After A Century Of Democratic Rule, Outgoing Albany Common Councilor Floats Non-Partisan Elections | WAMC

After A Century Of Democratic Rule, Outgoing Albany Common Councilor Floats Non-Partisan Elections

Jan 21, 2021

An Albany Common Councilor in his final year after more than two decades in office is proposing a radical change in city politics.



Councilor Richard Conti, elected in 1997, says it’s time for the city to embrace non-partisan elections. Conti says the proposed local law could deter voter apathy in a city of nearly 100,000. He says three quarters of cities nationwide actually have nonpartisan elections.

"It's really, you know, meant to broaden the electorate, I would consider it a, you know, a progressive reform, that's meant to enfranchise more voters. Right now there's really a small portion of the electorate that actually determines, you know, who's elected to office, because we are so dominated as a one-party city in a way, that whoever wins that primary election, which can have a very small voter participation level, in effect wins the election in November de facto, just because it's not a competitive race.
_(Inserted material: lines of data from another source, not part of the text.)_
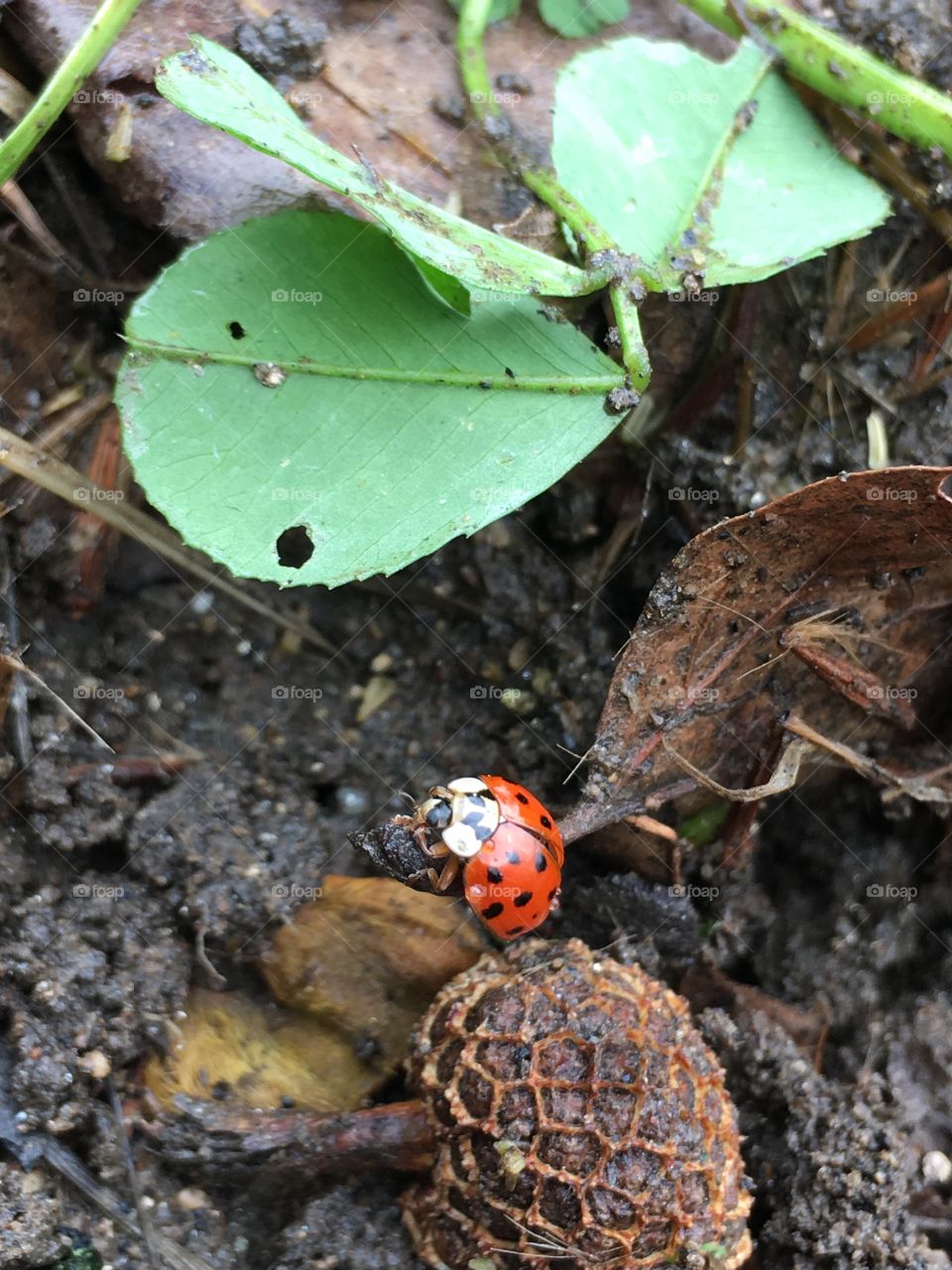 Ladybug/Ladybird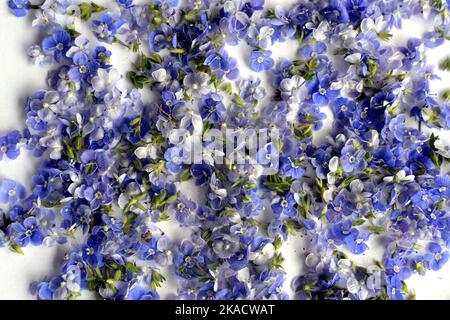 Hintergrund mit kleinen blauen Blüten Veronica chamaedrys auch bekannt als Germander Speedwell oder Vogelauge Speedwell oder Katzenauge Stockfoto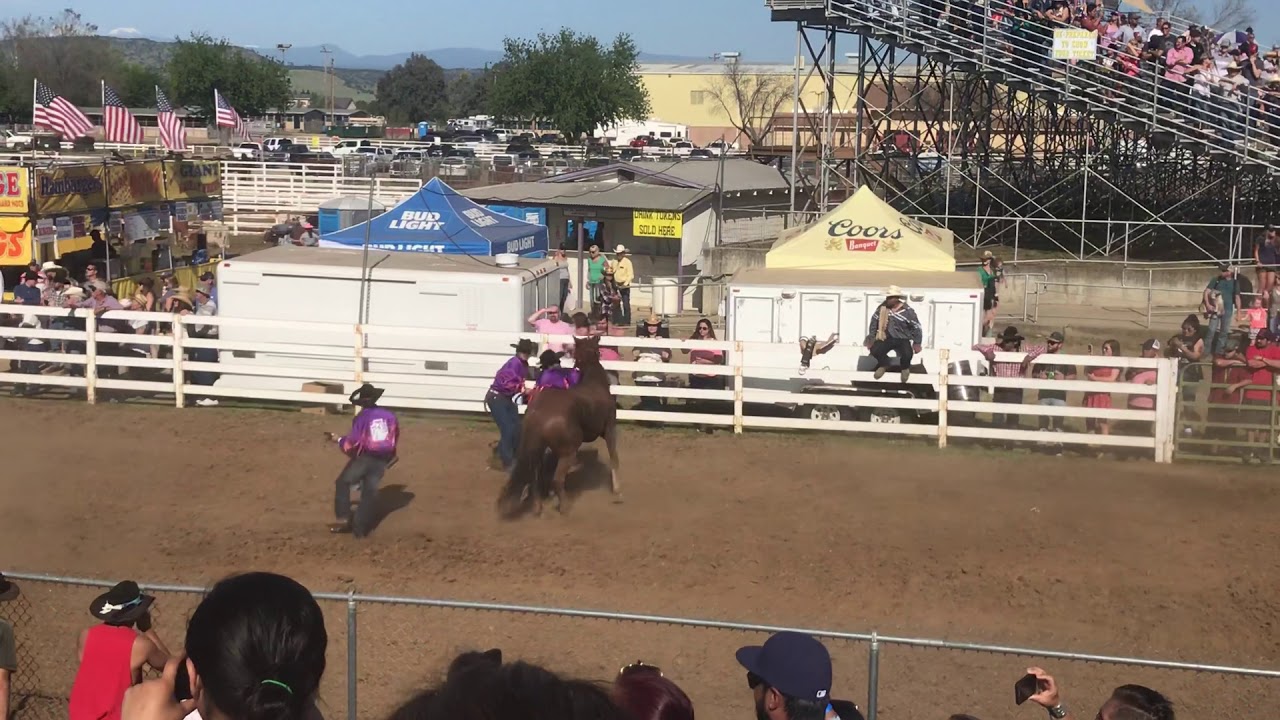 Red bluff 2018 Wild horse race finals YouTube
And so number of voters, people are really disenfranchised from the electoral process."

Conti thinks more office-seekers would come forward if they didn't have to be dependent on an established political power base. He also thinks younger voters and immigrant populations don't necessarily identify with partisan politics.
 

Jack McEneny
Credit WAMC photo by Dave Lucas

Albany historian and former state Assemblyman Jack McEneny says the Democrats got a firm foothold in Albany politics in 1922, effectively locking out Republicans for the last hundred years. He doesn't think Albany is ready to identify as non-partisan.

"I don't think people in this area are as comfortable with it. I don't know where those places are for large cities that Richard Conti mentioned, but I think people are familiar with political labels that they know what they are. And, and also, I think other individuals like governors and county executives and even national government, they kinda like to know where people stand. And I don't think I don't think we're ready for it yet. It's a great discussion. I don't know what happens though. Every two or four years, do you wind up with cults of personality? That rally around an individual we just saw that with Trump?

McEneny thinks the current system maintains a sense of team orientation and political continuity. On Facebook, Conti touted his proposal as "Progressive reform for a stronger democracy." Conti plans to present his proposal to the council tonight.

Second-term Democratic Mayor Kathy Sheehan is running for re-election this year.